====== Data for the task ======

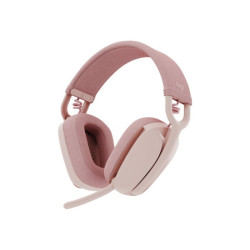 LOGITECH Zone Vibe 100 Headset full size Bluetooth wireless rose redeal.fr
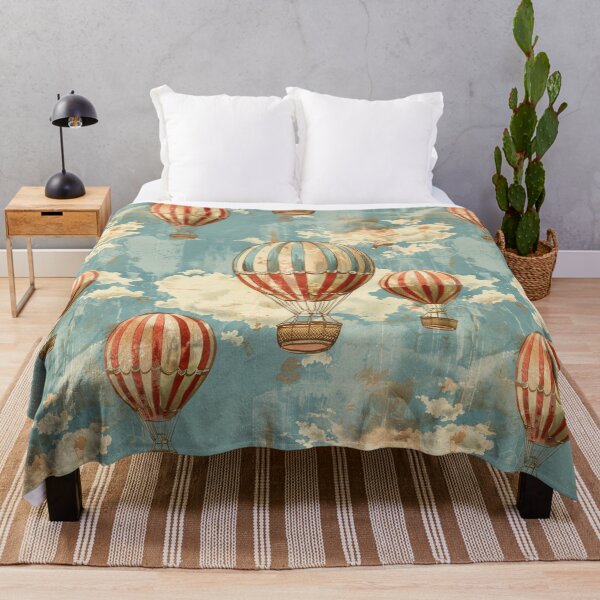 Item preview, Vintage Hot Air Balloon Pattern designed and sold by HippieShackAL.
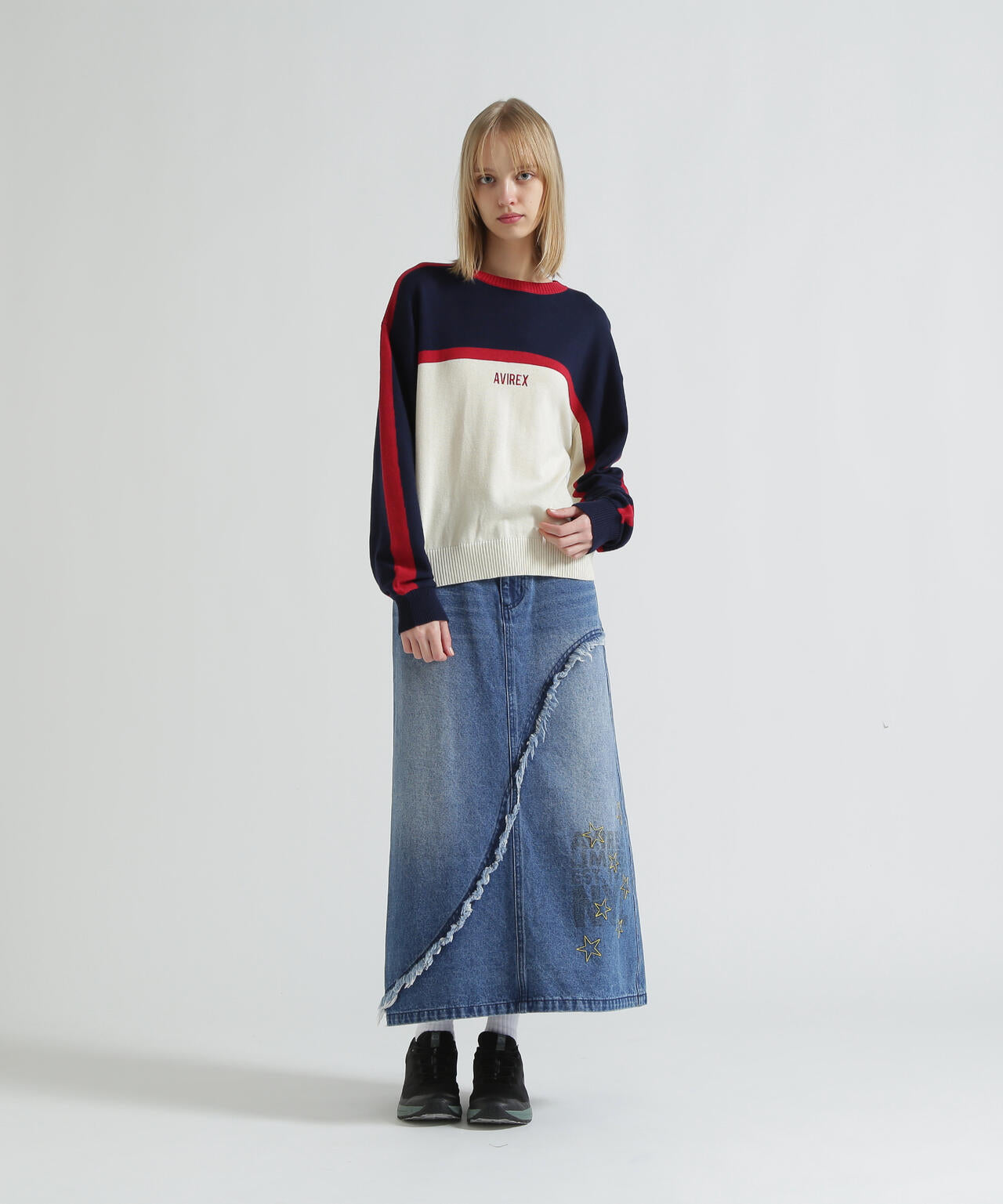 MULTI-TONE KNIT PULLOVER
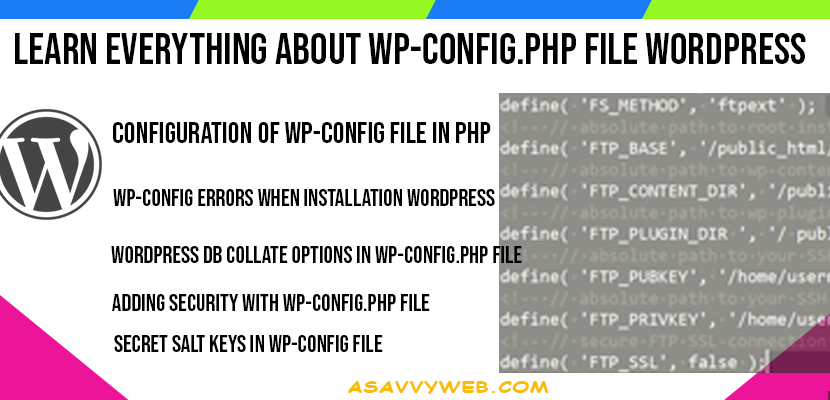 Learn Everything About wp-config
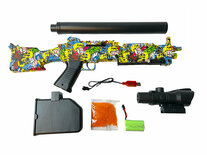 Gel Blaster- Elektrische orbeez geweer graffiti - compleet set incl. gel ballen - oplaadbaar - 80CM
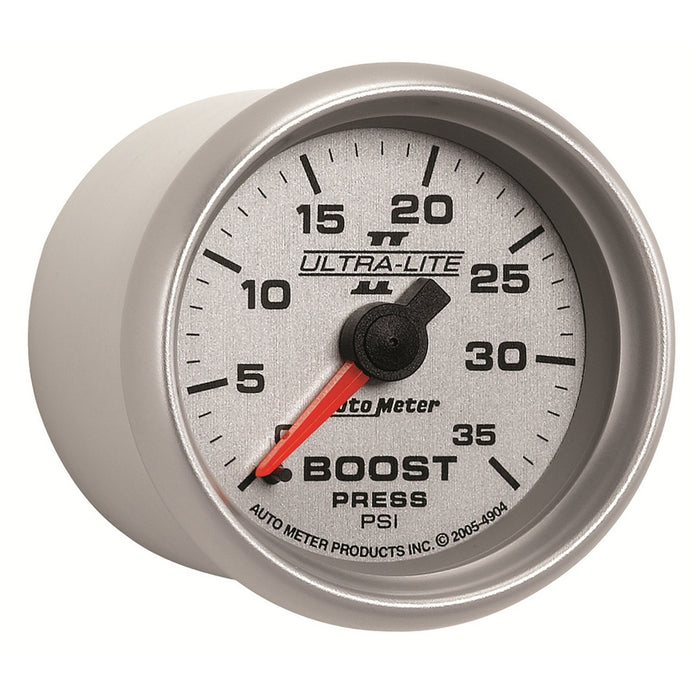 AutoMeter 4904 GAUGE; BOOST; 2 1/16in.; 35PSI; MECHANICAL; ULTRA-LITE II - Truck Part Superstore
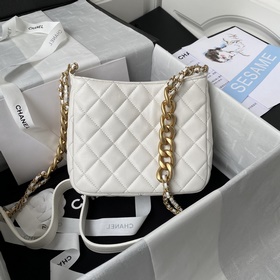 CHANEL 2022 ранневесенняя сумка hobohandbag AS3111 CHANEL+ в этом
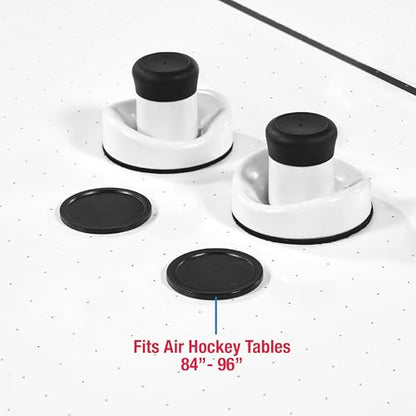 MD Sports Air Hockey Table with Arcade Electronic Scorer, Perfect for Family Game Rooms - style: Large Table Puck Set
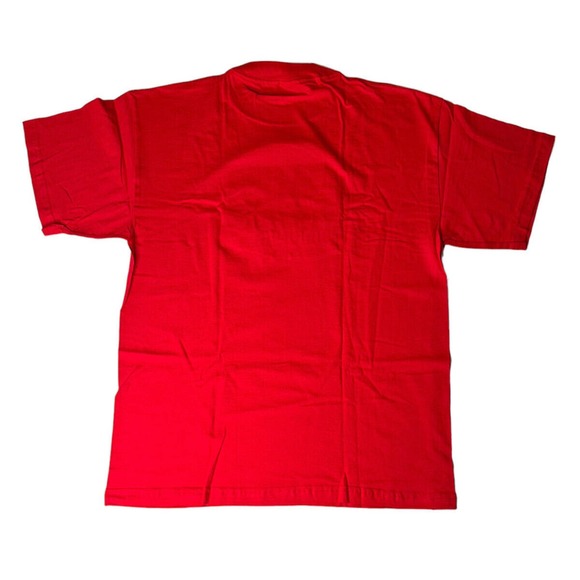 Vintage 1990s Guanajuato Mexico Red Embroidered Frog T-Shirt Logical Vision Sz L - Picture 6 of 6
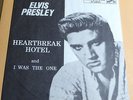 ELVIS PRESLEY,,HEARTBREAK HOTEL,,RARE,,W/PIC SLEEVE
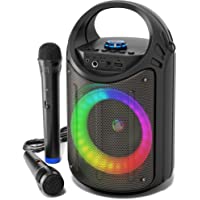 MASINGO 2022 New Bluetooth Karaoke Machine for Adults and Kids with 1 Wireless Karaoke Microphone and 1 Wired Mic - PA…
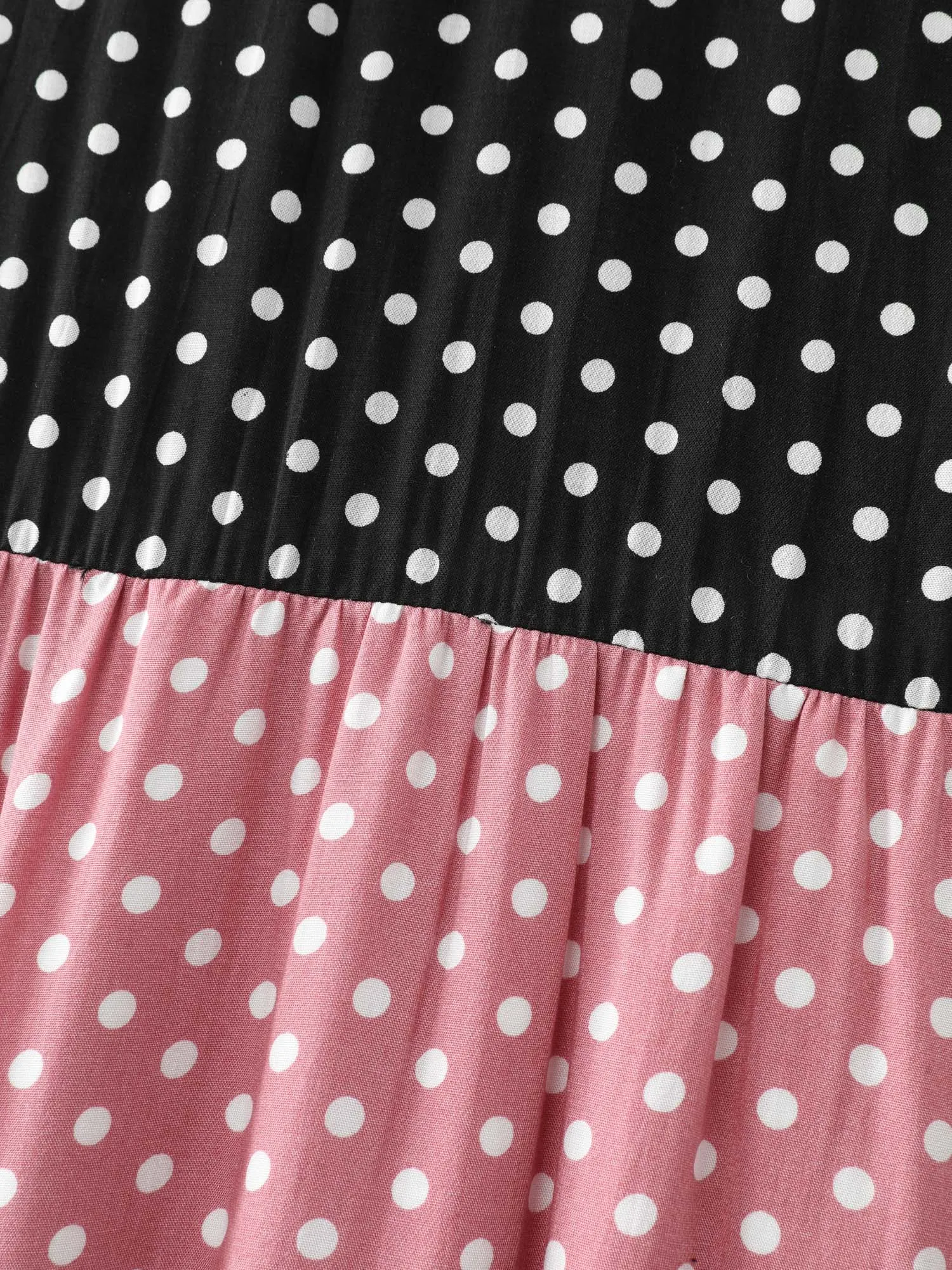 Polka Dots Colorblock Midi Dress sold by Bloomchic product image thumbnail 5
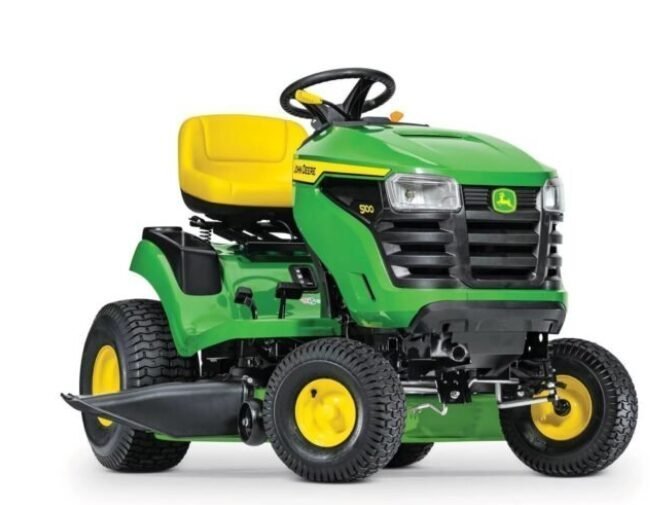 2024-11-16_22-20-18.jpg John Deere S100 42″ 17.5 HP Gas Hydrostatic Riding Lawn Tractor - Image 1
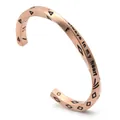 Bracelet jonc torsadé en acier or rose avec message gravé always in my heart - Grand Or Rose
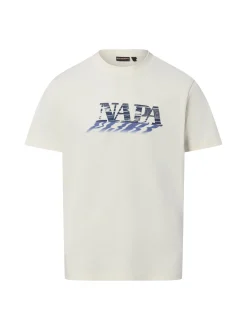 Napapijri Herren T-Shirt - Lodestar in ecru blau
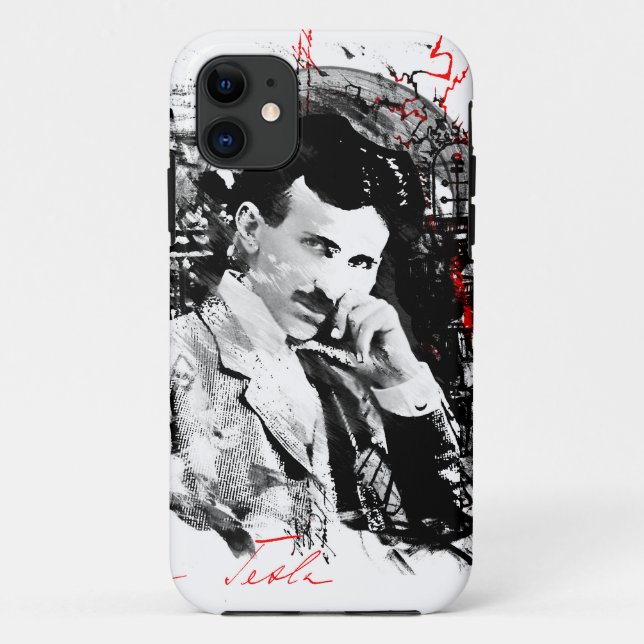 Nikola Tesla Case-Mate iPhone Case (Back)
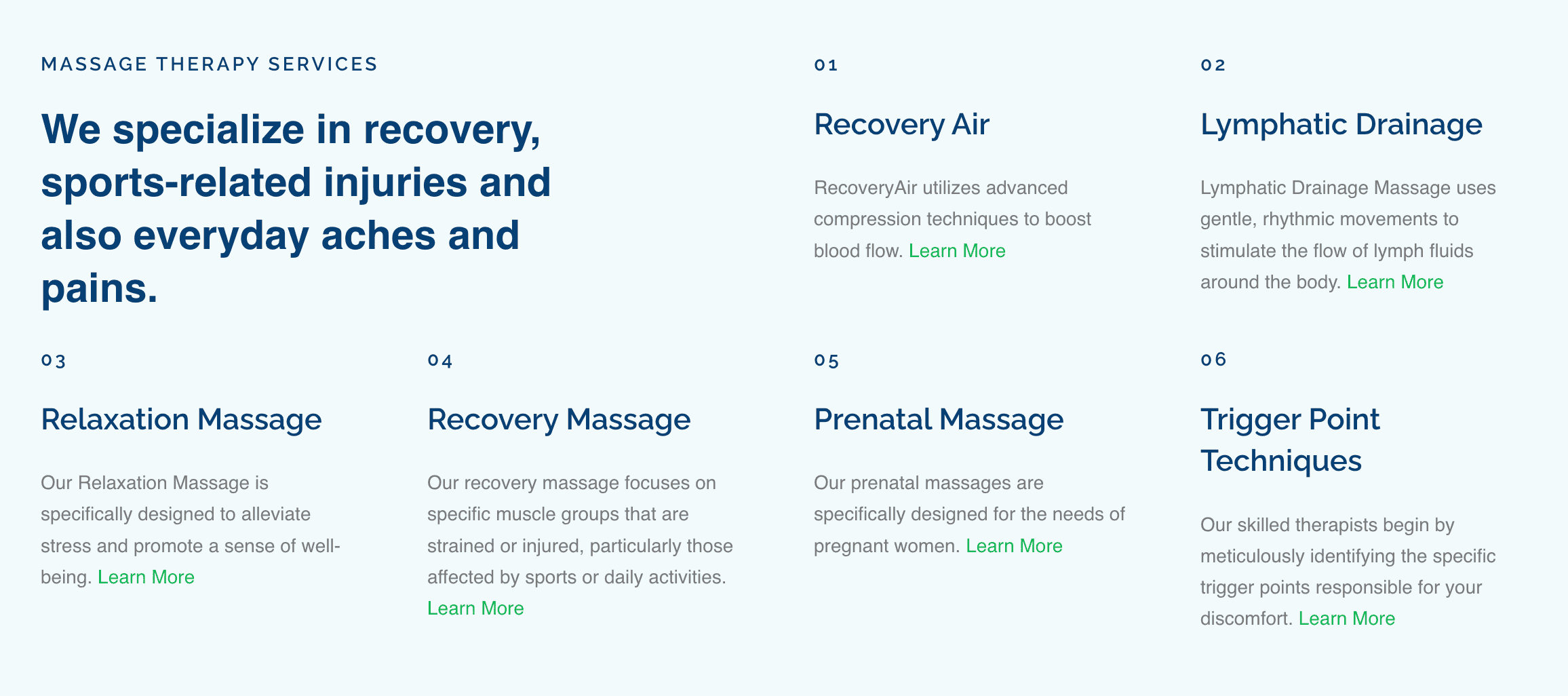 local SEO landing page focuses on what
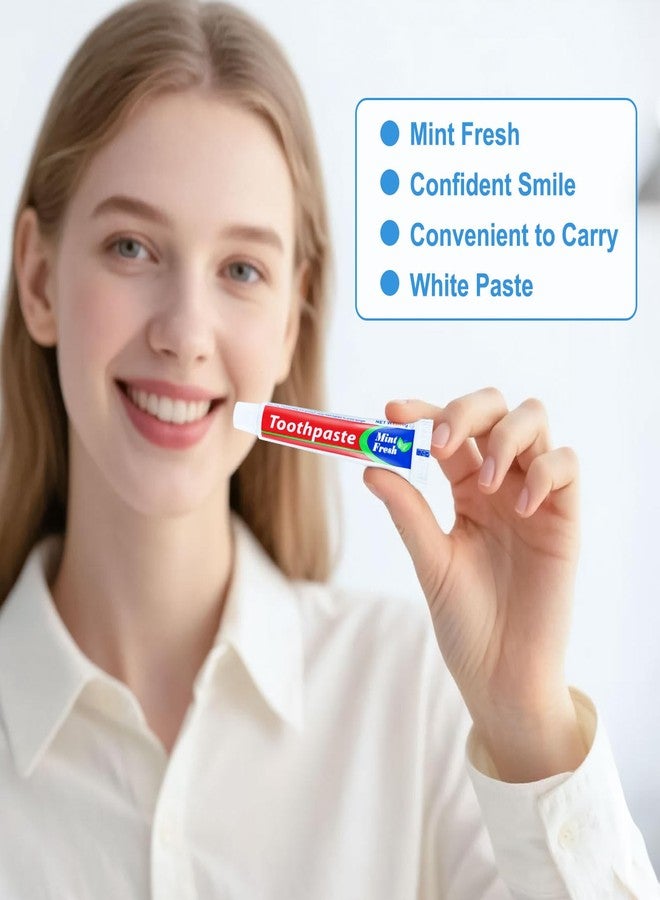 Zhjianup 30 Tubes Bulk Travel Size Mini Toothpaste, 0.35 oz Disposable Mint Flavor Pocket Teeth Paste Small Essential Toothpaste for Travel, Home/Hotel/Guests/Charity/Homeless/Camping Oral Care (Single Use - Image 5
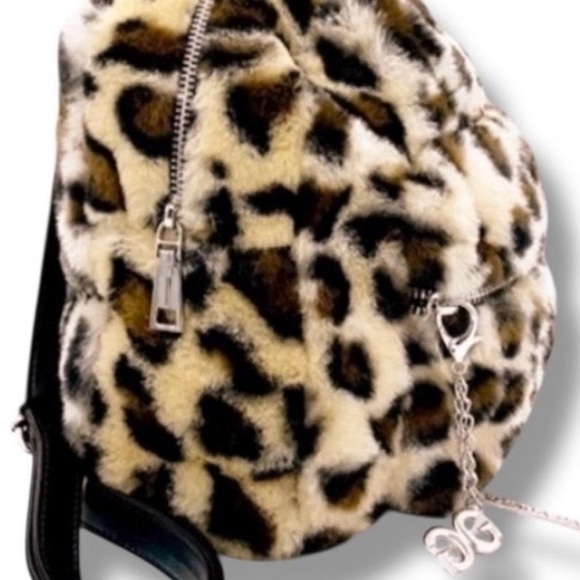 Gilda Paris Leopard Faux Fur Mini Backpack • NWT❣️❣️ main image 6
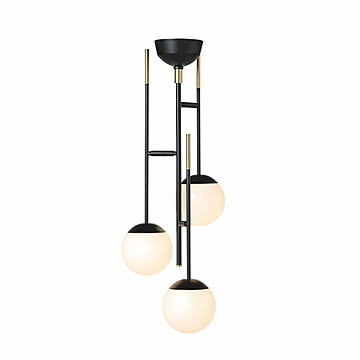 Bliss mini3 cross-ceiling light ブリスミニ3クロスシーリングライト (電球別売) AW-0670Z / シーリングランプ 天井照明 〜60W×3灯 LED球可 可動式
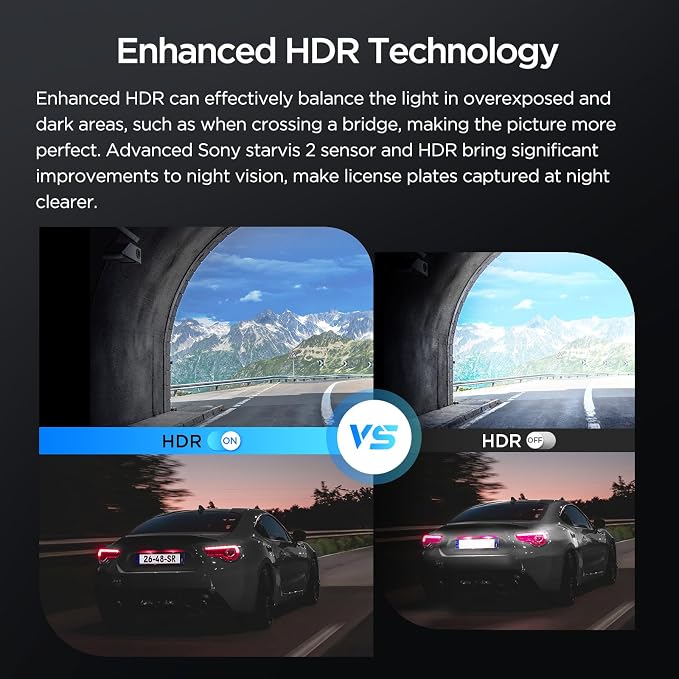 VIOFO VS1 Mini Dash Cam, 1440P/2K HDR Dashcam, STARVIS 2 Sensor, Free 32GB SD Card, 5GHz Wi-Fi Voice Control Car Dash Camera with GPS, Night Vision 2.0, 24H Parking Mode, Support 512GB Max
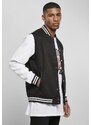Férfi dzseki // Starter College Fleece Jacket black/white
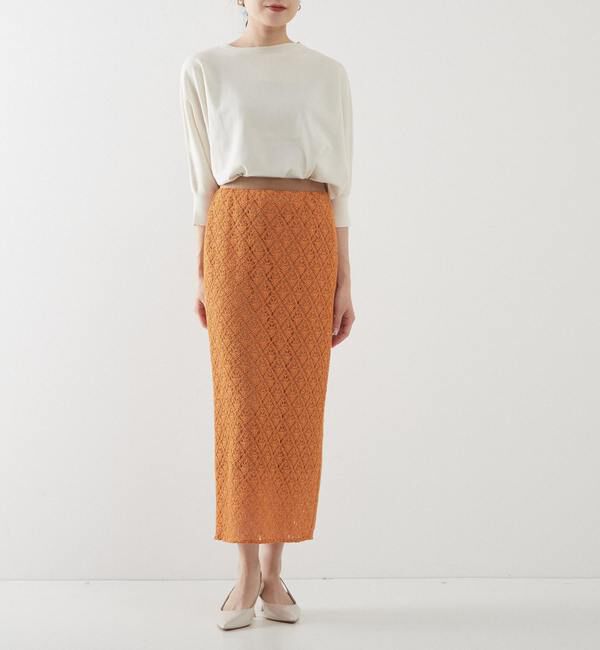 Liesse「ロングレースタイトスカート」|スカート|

======

- [Instructions for the task] Set down again, exactly, every line above from the one with "MD Sports Air" down to the one with "Gilda Paris Leopard", both ends included. No pictures, and nothing else.

- [Exercise answer]
 MD Sports Air Hockey Table with Arcade Electronic Scorer, Perfect for Family Game Rooms - style: Large Table Puck Set
 Vintage 1990s Guanajuato Mexico Red Embroidered Frog T-Shirt Logical Vision Sz L - Picture 6 of 6
 ELVIS PRESLEY,,HEARTBREAK HOTEL,,RARE,,W/PIC SLEEVE
 MASINGO 2022 New Bluetooth Karaoke Machine for Adults and Kids with 1 Wireless Karaoke Microphone and 1 Wired Mic - PA…
 Polka Dots Colorblock Midi Dress sold by Bloomchic product image thumbnail 5
 2024-11-16_22-20-18.jpg John Deere S100 42″ 17.5 HP Gas Hydrostatic Riding Lawn Tractor - Image 1
 Bracelet jonc torsadé en acier or rose avec message gravé always in my heart - Grand Or Rose
 Napapijri Herren T-Shirt - Lodestar in ecru blau
 Nikola Tesla Case-Mate iPhone Case (Back)
 local SEO landing page focuses on what
 Zhjianup 30 Tubes Bulk Travel Size Mini Toothpaste, 0.35 oz Disposable Mint Flavor Pocket Teeth Paste Small Essential Toothpaste for Travel, Home/Hotel/Guests/Charity/Homeless/Camping Oral Care (Single Use - Image 5
 Gilda Paris Leopard Faux Fur Mini Backpack • NWT❣️❣️ main image 6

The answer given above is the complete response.